The widening of Atlantic Ave. had been undertaken by RM as part of his many efforts to speed automobile traffic from the (racially-restricted) suburbs into the commercial cores of Downtown Brooklyn and Lower Manhattan. Ultimately his attempts backfired miserably. In his biography of RM, “The Power Broker,” Robert Caro notes that “pre-war congestion on old Atlantic Avenue had been intolerable. Post-war congestion on a new—widened and modernized—Atlantic Avenue was more intolerable.” (Caro, 914).

This was ultimately the case with nearly all of Moses’ roadway projects, which remain interminably jammed to this day. Rather than solving existing traffic, his expressways simply induced more people and commerce to purchase and rely on automobiles, leading to more traffic. For commuters, Moses’ neglect of the railroads and transit led to a noticeably deteriorating system, further enticing people into cars and onto the highway. Moreover, his highways into Long Island had been built with no provisions for transit, ensuring the development of automobile-centric suburbs which would only lead to more cars.
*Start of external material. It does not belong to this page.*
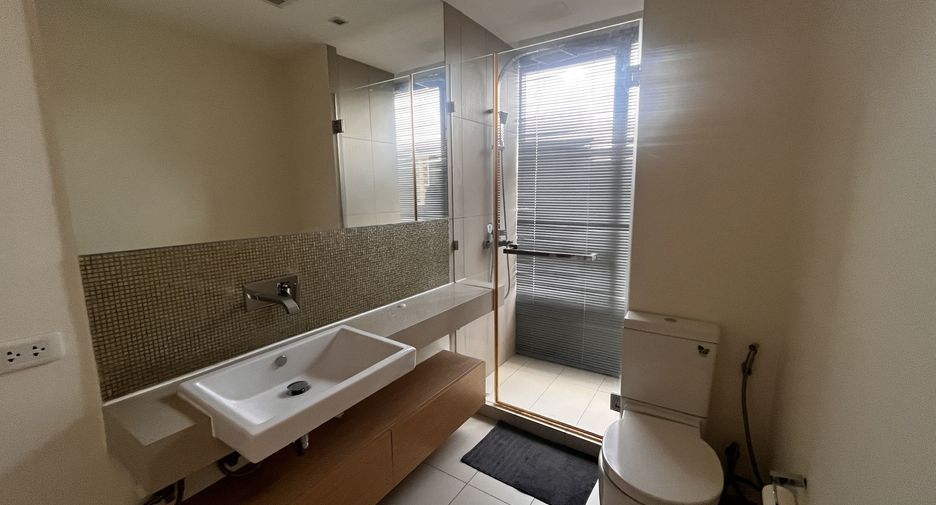Condo en alquiler de 2 habitaciones en Khlong Toei, Bangkok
For commercial traffic, trucking became cheaper due to government-funded highways and arterials. As freight rail lost local competition to more flexible (but significantly less efficient) trucks relying on public infrastructure, short-haul urban freight rail access was significantly cut back as sidings and entire lines were abandoned or allowed to deteriorate (such as the Bay Ridge Branch in Brooklyn). In cities across the country, freight rail distribution systems were abandoned due to insurmountable competition from government-funded highways (accounting for the preponderance of abandoned rails in American cities) as trucks flooded the streets. The construction of highways and trucking routes such as Atlantic did not relieve truck traffic—rather it created more by pulling freight from the far more efficient railroads (and, in coastal cities like NYC, local maritime transport). Citylab has a good article on this subject entitled “The Lowly Boxcar Can Make Your City a Better Place to Live.”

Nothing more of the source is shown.